Overview
I came back from the gym last week and a few of my friend’s made the following claim:
Following the first link of a Wikipedia article always leads to philosophy
It was a very strong claim, but one that can be verified easily.
Solution
My previous scraping projects and linksearchers have been exclusively in Python. I love Python, but I have been exposed to Ruby over the past months and decided this project would be a good fit. 5 months ago I made Seguridad to learn how to make a Ruby gem and increase my exposure to the language. I was hoping to do the same this time.
Implementation
I implemented the solution using the Ruby standard library for making requests and Nokogiri for parsing HTML.
I created a small library called Wikio
containing a couple of functions that
would make solving the problem straightforward.
Problem 1 : How do I retrieve the wikipedia page for a given term?
Wikipedia provides a nice API for retrieving this information. You can view more documentation at MediaWiki.
Problem 2 : How do I retrieve the first link on a given Wikipedia article?
First, I had to find the corresponding HTML for a page.
The above image represents the HTML for the main body of the Wikipedia article.
At a closer look, at p
elements underneath the div.mw-parser-output
element
contain the content of the article. Specifically, all anchors either directly
under those p
elements, or underneath a p
then an i
contained article
links. This can be converted to an xpath
expression for use by Nokogiri.
Wikio, Wikireducer
Wikireducer is a script that performs the search solving the problem. Wikio is the helper library powering it. The code can be found here!

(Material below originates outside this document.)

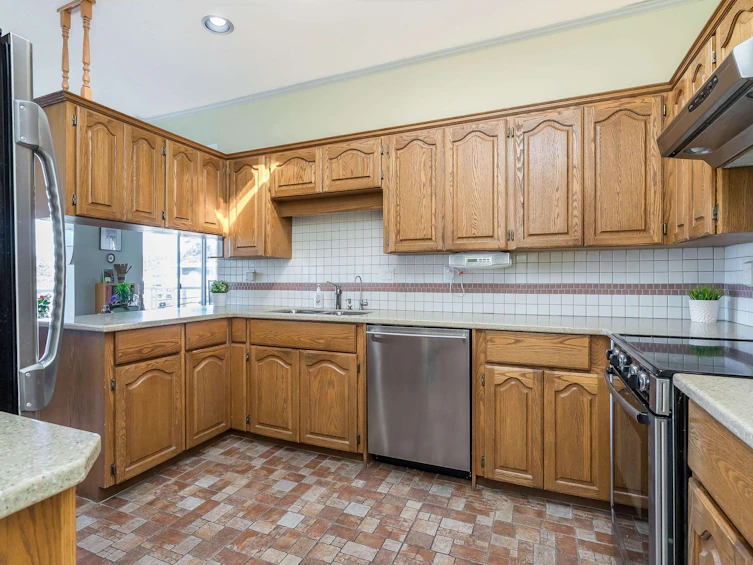 301-15130 Prospect Avenue, Surrey, BC, V4B 2B9 - 10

An example of using Wikireducer
is below:
# Finding the number of steps
$ gem install wikio
$ wikireducer --dst=Knowledge Cat Dog
Searching for https://en.wikipedia.org/wiki/Knowledge
$ wikireducer --dst=Knowledge Cat Dog
Searching for https://en.wikipedia.org/wiki/Knowledge
https://en.wikipedia.org/wiki/Dog -> https://en.wikipedia.org/wiki/Dog
https://en.wikipedia.org/wiki/Cat -> https://en.wikipedia.org/wiki/Cat
https://en.wikipedia.org/wiki/Cat -> https://en.wikipedia.org/wiki/Fur
https://en.wikipedia.org/wiki/Dog -> https://en.wikipedia.org/wiki/Canis
https://en.wikipedia.org/wiki/Cat -> https://en.wikipedia.org/wiki/Hair
https://en.wikipedia.org/wiki/Dog -> https://en.wikipedia.org/wiki/Genus
...
https://en.wikipedia.org/wiki/Cat -> https://en.wikipedia.org/wiki/Knowledge in 14 steps
https://en.wikipedia.org/wiki/Dog -> https://en.wikipedia.org/wiki/Knowledge in 14 steps
Sometimes, cycles are detected when performing a search
# Identifying Cycles
$ gem install wikio
$ wikireducer --dst=Philosophy Dog Cat
Searching for https://en.wikipedia.org/wiki/Philosophy
https://en.wikipedia.org/wiki/Dog -> https://en.wikipedia.org/wiki/Dog
https://en.wikipedia.org/wiki/Cat -> https://en.wikipedia.org/wiki/Cat
https://en.wikipedia.org/wiki/Dog -> https://en.wikipedia.org/wiki/Canis
https://en.wikipedia.org/wiki/Cat -> https://en.wikipedia.org/wiki/Fur
https://en.wikipedia.org/wiki/Cat -> https://en.wikipedia.org/wiki/Hair
https://en.wikipedia.org/wiki/Dog -> https://en.wikipedia.org/wiki/Genus
....
Cycle detected for https://en.wikipedia.org/wiki/Dog at node
https://en.wikipedia.org/wiki/Cat -> https://en.wikipedia.org/wiki/Ancient_Greek_language
https://en.wikipedia.org/wiki/Cat -> https://en.wikipedia.org/wiki/Greek_language
https://en.wikipedia.org/wiki/Cat -> https://en.wikipedia.org/wiki/Modern_Greek
https://en.wikipedia.org/wiki/Cat -> https://en.wikipedia.org/wiki/Colloquialism
https://en.wikipedia.org/wiki/Cat -> https://en.wikipedia.org/wiki/Vernacular
Cycle detected for https://en.wikipedia.org/wiki/Cat at node
You can install Wikio+Wikireducer via gem install wikio
.
Conclusion
This was a fun experiment to delve into Ruby with.
Writing this post also made me realize I wish I could caption images in markdown. There is probably a way using raw HTML+CSS, but I will leave that for a future post.